In mijn werk ben ik regelmatig betrokken bij accreditatie trajecten. Dit kan direct zijn, in de begeleiding van de voorbereiding op de visitatie en het begeleiden van de visitatiedag. In andere opdrachten raak ik zijdelings aan accreditatie, bijvoorbeeld als ik de onderwijsontwikkeling begeleid. Ik zie teams, managementteams en directies heel verschillend reageren in dit proces van voorbereiding op de visitatie. Deze verschillen zijn meestal terecht en passend bij de context.

In deze blog deel ik een aantal van mijn observaties en de twee lessen die je hieruit kunt leren. Het is goed om bewust te kiezen hoe je het voorbereidingsproces op de visitatie inricht. Ik hoop dat je iets aan mijn observaties en lessen hebt op het moment dat je deze keuzes gaat maken.

Intensiteit & stressniveau

De intensiteit van de visitatievoorbereiding en de onzekerheid die dit traject met zich meebrengt verschilt sterk per opleiding.

Het verschilt per opleiding hoe lang, hoe intensief en met hoeveel betrokkenen en evt. externen het traject is dat zij ter voorbereiding op de visitatie inrichten. En per opleiding verschilt het ook hoeveel zorgen de betrokkenen zich maken over de stand van de opleiding en het krijgen van een positieve beoordeling. Dit verschilt soms zelfs binnen een opleiding tussen de stakeholders. Bijvoorbeeld als de directie ongerust is en het docententeam juist vertrouwen in een positief oordeel heeft.

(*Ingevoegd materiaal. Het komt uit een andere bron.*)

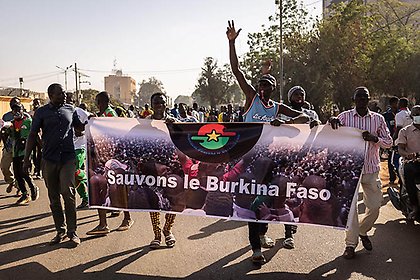 Protestors hold a banner reading 'Save the Burkina Faso' during a demonstration in Ouagadougou on November 27, 2021.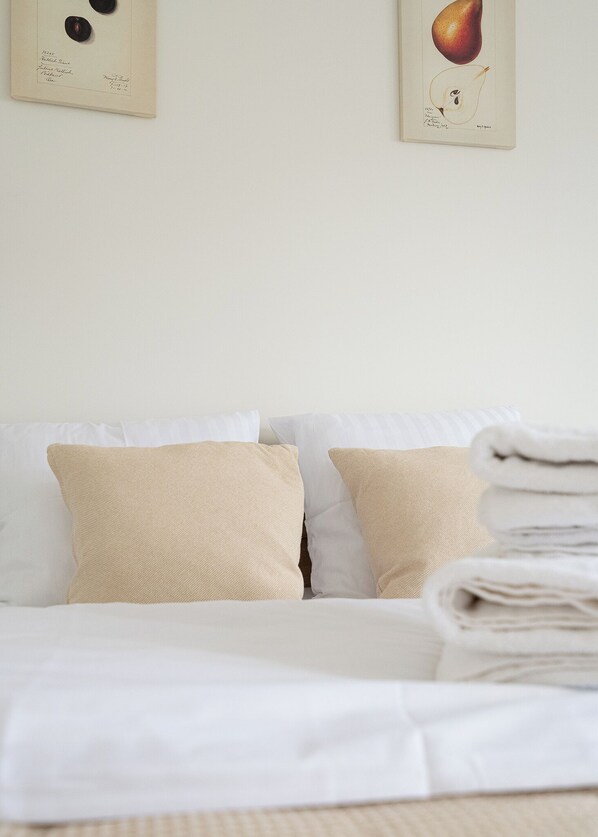 A neatly made bed with white linens and beige pillows, a folded white towel on the bed, and two framed botanical prints on the wall.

Elke opleiding besteedt tijd en mankracht aan het schrijven van de zelfevaluatie en het verzamelen van de relevante documenten. Daarnaast lijken een aantal lijnen zichtbaar te zijn. Ik neem je hierin mee. Als men zich meer zorgen maakt over de kwaliteit van de eigen opleiding is het voorbereidingstraject over het algemeen intensiever. Een grotere intensiviteit van het voorbereidingstraject zit meestal in de verbeteracties en vernieuwingstrajecten die een opleiding inzet en de voorbereiding van de betrokkenen die tijdens de visitatiedag met het visitatiepanel in gesprek gaan. Directies hebben de neiging om directer te gaan sturen en zich meer met dit proces te bemoeien als zij zich zorgen maken over de kwaliteit.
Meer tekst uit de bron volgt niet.